We would like to be able to predict the exam score based on the quiz score for students who come from this same population. To make that prediction we notice that the points generally fall in a linear pattern so we can use the equation of a line that will allow us to put in a specific value for x (quiz) and determine the best estimate of the corresponding y (exam). The line represents our best guess at the average value of y for a given x value and the best line would be one that has the least variability of the points around it (i.e. we want the points to come as close to the line as possible). Remembering that the standard deviation measures the deviations of the numbers on a list about their average, we find the line that has the smallest standard deviation for the distance from the points to the line. That line is called the regression line or the least squares line. Least squares essentially find the line that will be the closest to all the data points than any other possible line. Figure 5.7 displays the least squares regression for the data in Example 5.5.

In this scatterplot, a regression line has been added with the least squares method. The line slopes upward and passes through some data points.

Figure 5.7. Least Squares Regression Equation

As you look at the plot of the regression line in Figure 5.7, you find that some of the points lie above the line while other points lie below the line. In fact the total distance for the points above the line is exactly equal to the total distance from the line to the points that fall below it.

The least squares regression equation used to plot the equation in Figure 5.7 is:

\begin{align} &y = 1.15 + 1.05 x \text{ or}   \\ &\text{predicted exam score = 1.15 + 1.05 Quiz}\end{align}


Interpretation of Y-Intercept

Y-Intercept = 1.15 points

Y-Intercept Interpretation: If a student has a quiz score of 0 points, one would expect that he or she would score 1.15 points on the exam.

However, this y-intercept does not offer any logical interpretation in the context of this problem, because x = 0 is not in the sample.
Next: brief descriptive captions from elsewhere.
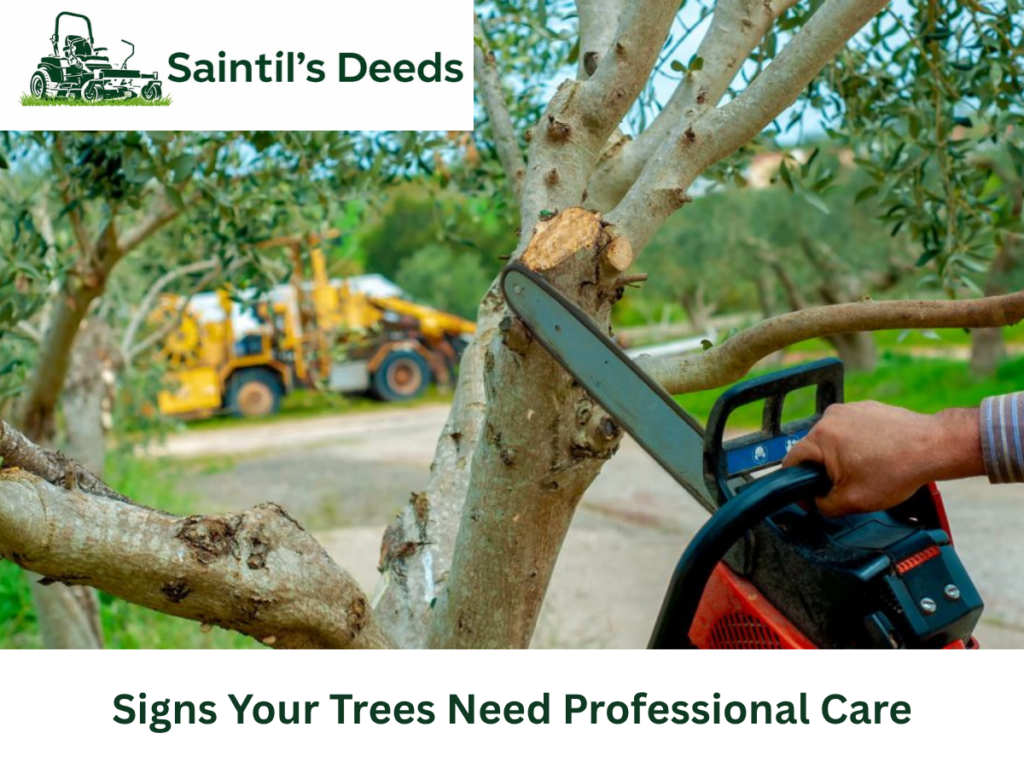 Lawn Aeration and Tree Care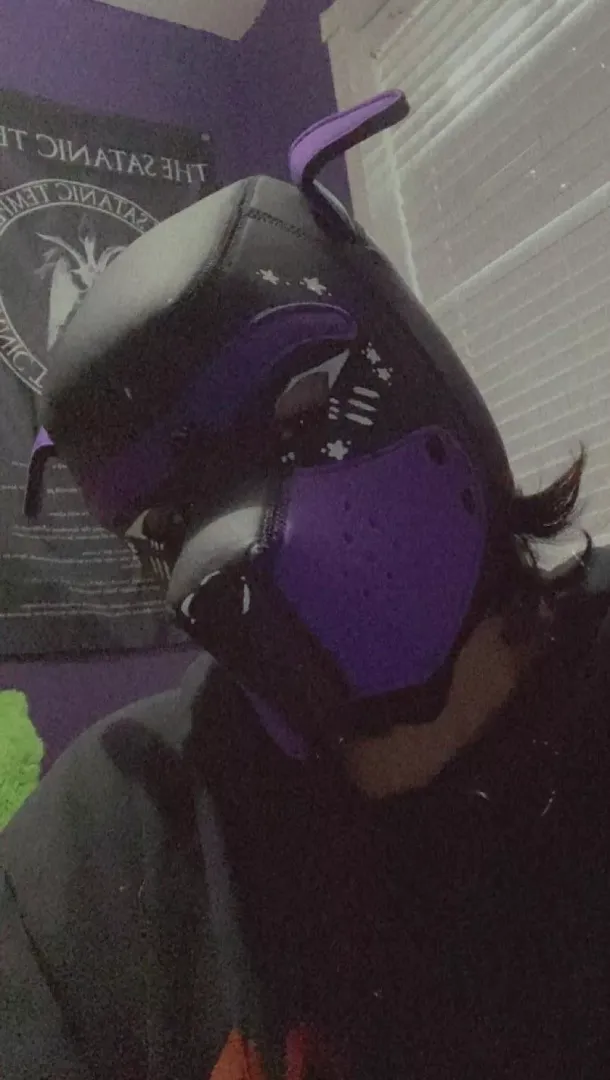 woof! 🫧🐶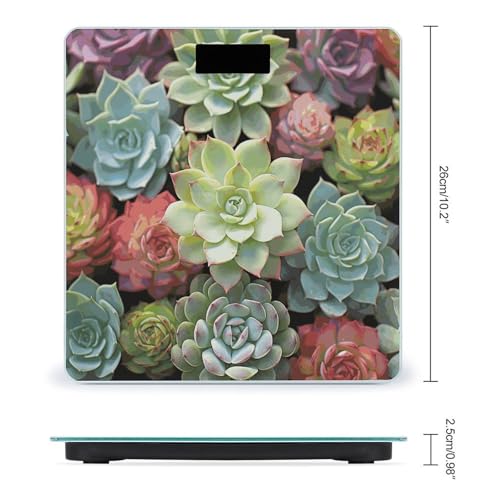 Báscula Digital Green Succulents de Vidrio Templado miniatura 2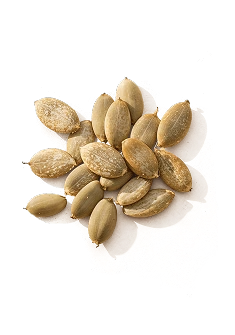 Pumpkin Seed Extract
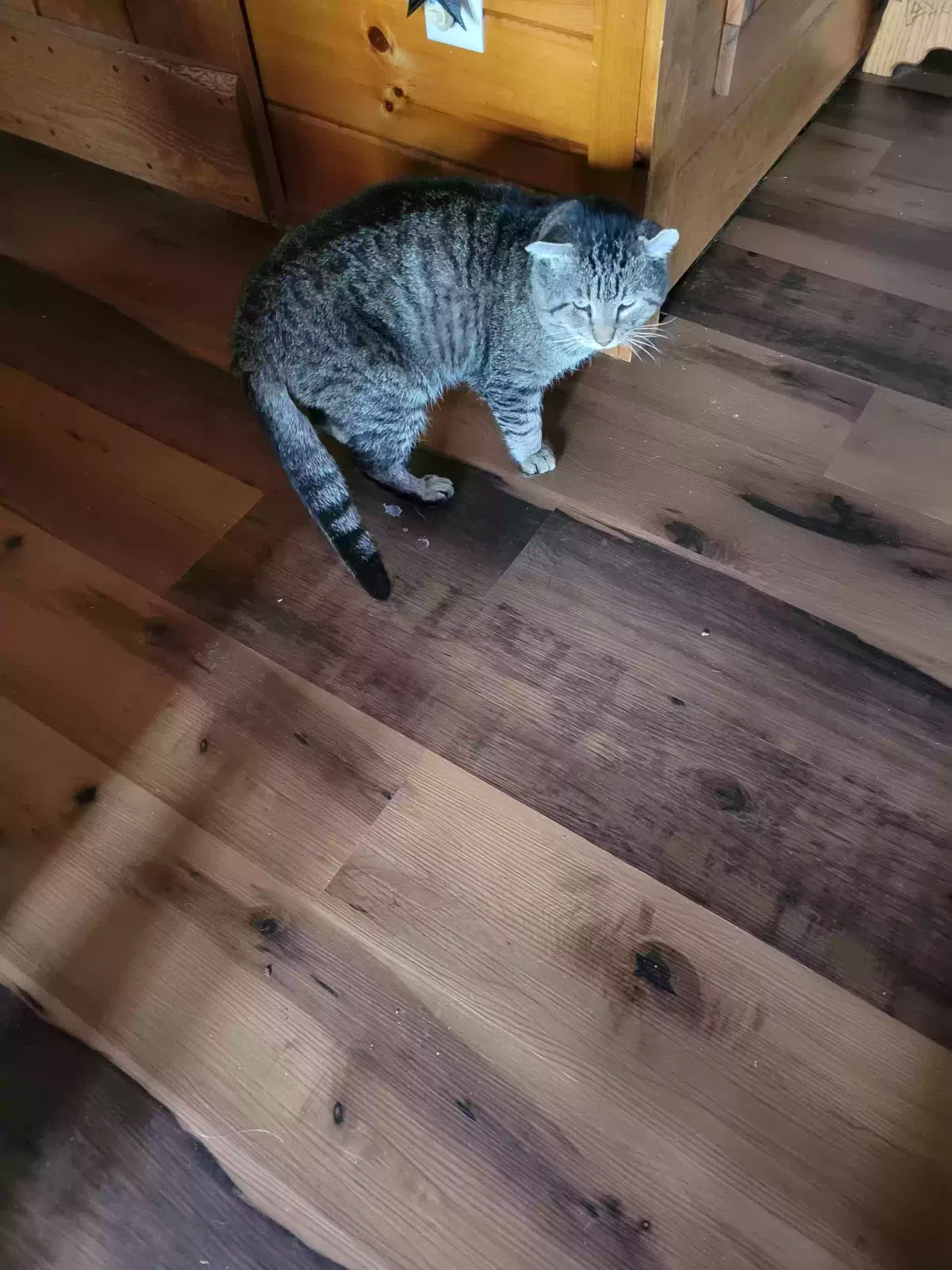 Found cat in South Vienna, OH, 45369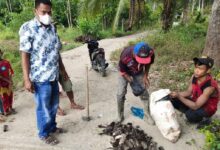 Ilustrasi penangkapan tikus oleh warga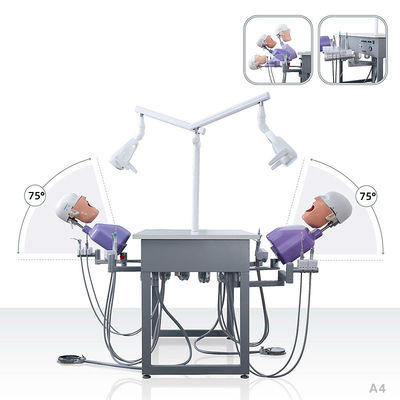 Ultraportable Phantom Head dentario, unità dentaria smontabile della scuola di simulazione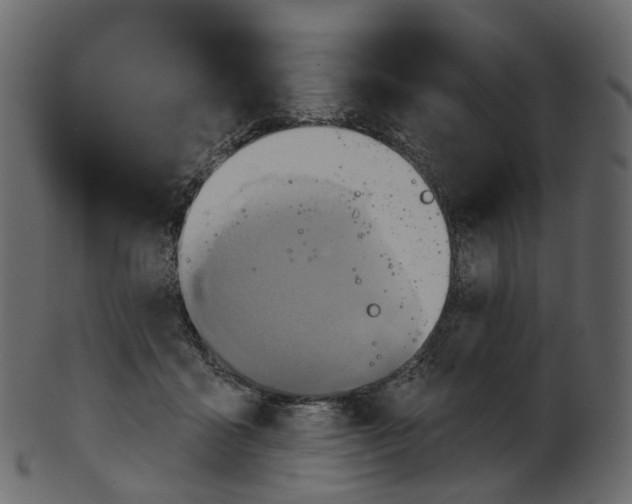 X0000100470411200807031833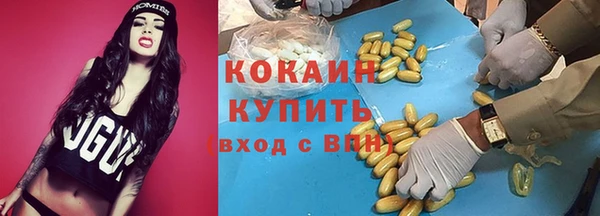 соль ск Алексин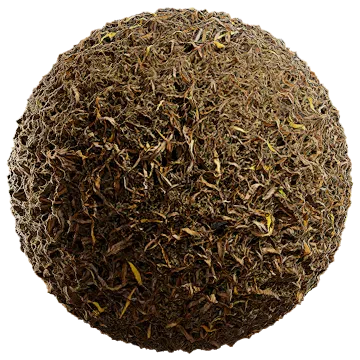 dried leaves and grass 001 — Descargar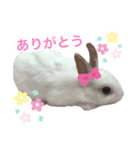 うさぎのルナ 2（個別スタンプ：2）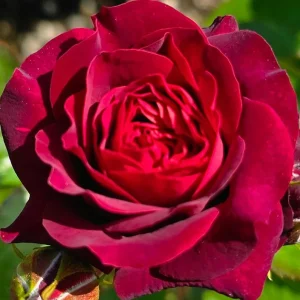 Red Hybrid Tea Rose Live Plant - Fragrant Christian Dior Shrub, 5-9 Inch Tall - Image 2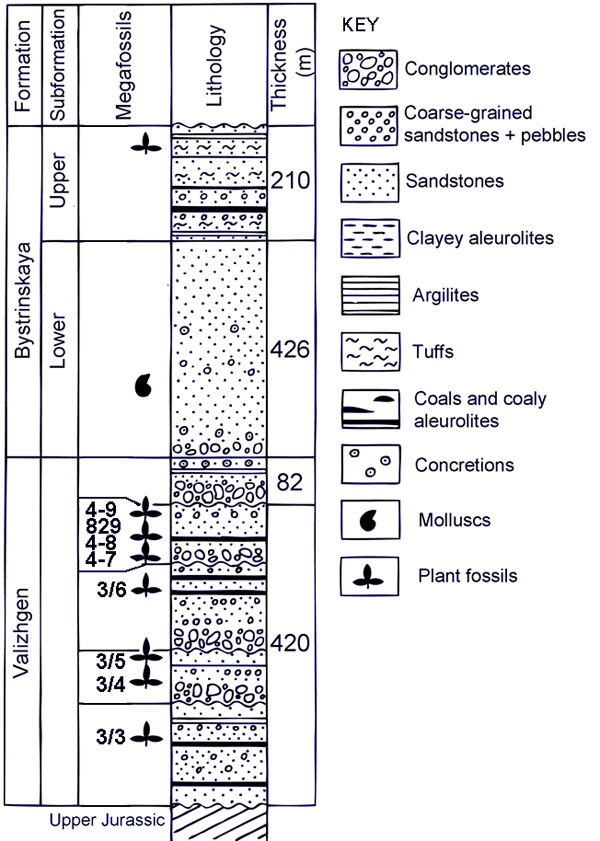 Lithology and Stratigraphy in the Cape Konglomeratoviy area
If you look at the graph, you will find the lowest quiz score is 56 points. So, while the y-intercept is a necessary part of the regression equation, by itself it provides no meaningful information about student performance on an exam when the quiz score is 0.


Interpretation of Slope

Slope = 1.05 = 1.05/1 = (change in exam score)/(1 unit change in quiz score)

Slope Interpretation: For every increase in quiz score by 1 point, you can expect that a student will score 1.05 additional points on the exam.

In this example, the slope is a positive number, which is not surprising because the correlation is also positive. A positive correlation always leads to a positive slope and a negative correlation always leads to a negative slope.


Remember that we can also use this equation for prediction. So consider the following question:

 If a student has a quiz score of 85 points, what score would we expect the student to make on the exam? We can use the regression equation to predict the exam score for the student.

Exam = 1.15 + 1.05 Quiz
Exam = 1.15 + 1.05 (85) = 1.15 + 89.25 = 90.4 points

Figure 5.8 verifies that when a quiz score is 85 points, the predicted exam score is about 90 points.

In this plot, the predicted data point (85, 90.4) is really close to the regression line.

Figure 5.8. Prediction of Exam Score at a Quiz Score of 85 Points

Example 5.6 Section

Let's return now to Example 4.8 the experiment to see the relationship between the number of beers you drink and your blood alcohol content (BAC) a half-hour later (scatterplot shown in Figure 4.8). Figure 5.9 below shows the scatterplot with the regression line included. The line is given by

predicted Blood Alcohol Content = -0.0127 +0.0180(# of beers)

BAC Regression

Figure 5.9. Regression line relating # of beers consumed and blood alcohol content

Notice that four different students taking part in this experiment drank exactly 5 beers. For that group we would expect their average blood alcohol content to come out around -0.0127 + 0.0180(5) = 0.077. The line works really well for this group as 0.077 falls extremely close to the average for those four participants.